仇羅鄺臉上的表情變化著,忽而陰鬱,忽而晴朗,眉頭一會兒鬆開,一會兒又緊住,李家濤心撲撲亂跳。跟了仇羅鄺這麼長時間,仇羅鄺的做事風格還有心理他自信已揣摩得差不多,雖不能說一張嘴就知道說什麼,但至少,他是能跟上仇羅鄺節拍的。特別是在重大問題的處理上,還沒讓仇羅鄺失望過。
不過這一次,李家濤真的吃不準,因為二次方案是在他的主張下調整的,事先並沒跟仇羅鄺通氣。
這種氣他覺得不應該通。
什麼氣該通什麼氣不該通,是考驗一個下屬是否真正成熟的一種標誌。該通的氣你不通,領導會認為你手太長,越權行事,或者你有擅自替他作主的嫌疑。不該通的氣你亂通,弄不好會讓領導尷尬。比如柳桐公路,這氣你怎麼通,難道要跟仇羅鄺挑明了,苟天都已***手來?

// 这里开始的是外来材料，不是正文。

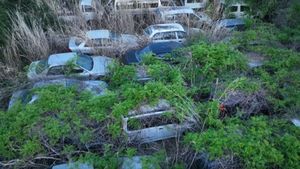 Fukushima Cars Are Still Rotting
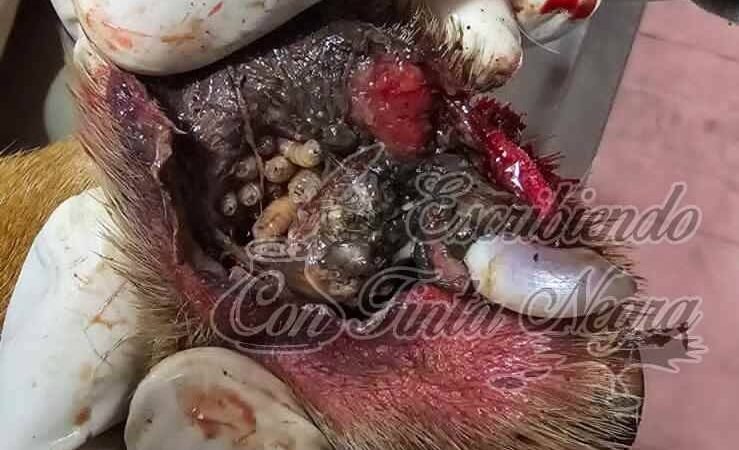 ALERTA POR PRESENCIA DE GUSANO BARRENADOR EN ZONA DE COSCOMATEPEC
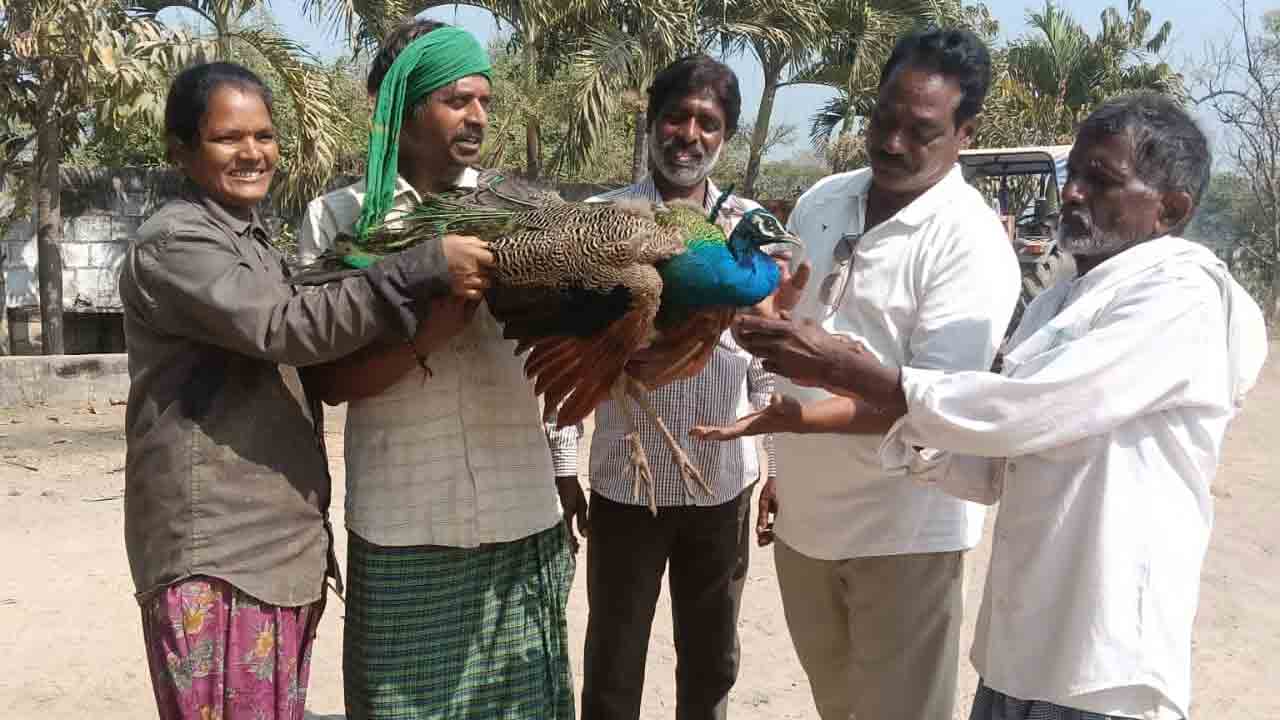 Sultanabad Rural | పంట పొలంలో నెమలి..ఫారెస్ట్ అధికారులకు అప్పగింత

很多事能做,但話不能明著講。很多話能講,過分一點也無妨,事卻不能做。有些事一定要等領導點頭了你才去做,有些事則要搶在領導點頭前就把它做好。箇中奧妙,有味得很,啥時咀嚼透了,你在官場,也就如魚得水了。
仇羅鄺終於將方案看完,抬起頭,目光疲憊地在李家濤臉上擱了很久,李家濤心裡七上八下,這目光如針、如刺,扎得他難受啊。另一個心裡,仇羅鄺的疲憊立馬又讓他想到沉重兩個字。
項目有時候是巨大的負擔,少了它不行,多了它你便多了一層折磨,這還是能把它做好的前提下。如果學歐景花園和天都時代城那樣,大張旗鼓的來,灰不溜秋地逃走,留下一大堆擦不淨抹不掉的問題,讓人追著打你屁股,項目兩個字,就成地獄了。
「看來只能這樣了,你說呢?」仇羅鄺總算開了腔,不過語氣裡明顯有一股無奈。
顯然,李家濤考慮到的所有問題,仇羅鄺也一一想到,似乎除了手中這個方案,再沒有其他更好的辦法。
「市長如果沒意見,我們就這麼做了,招標工作是拖了段時間,不過後續我們會趕上去,請市長放心。」
「不是我不放心,是這些來來往往的人還有莫名其妙的事,讓人心不安啊。柳桐公路是要抓緊,其他項目也不能停。對了,前天省發改委尹司長跟我說,去年沒批的污水治理項目,省裡最近又有新政策。」
李家濤馬上接話道:「消息可靠,省裡已經上了會,最遲下個月就有結果,補充資料我們已經報了上去。」
「你該去趟省城,不能讓尹司長白辛苦,市裡麻煩人家的地方太多了,我們不能不近人情。」
李家濤點頭道:「謝謝市長提醒,等柳桐公路進入正常,我專程去一次,向梅主任轉達您的心意。」
「沒辦法,現狀就這樣,任何時候都是幹的不如看的,看的不如搗亂的,風氣使然,市長還是消消怒吧。」見仇羅鄺的臉色有些難看,李家濤也歎了一口氣。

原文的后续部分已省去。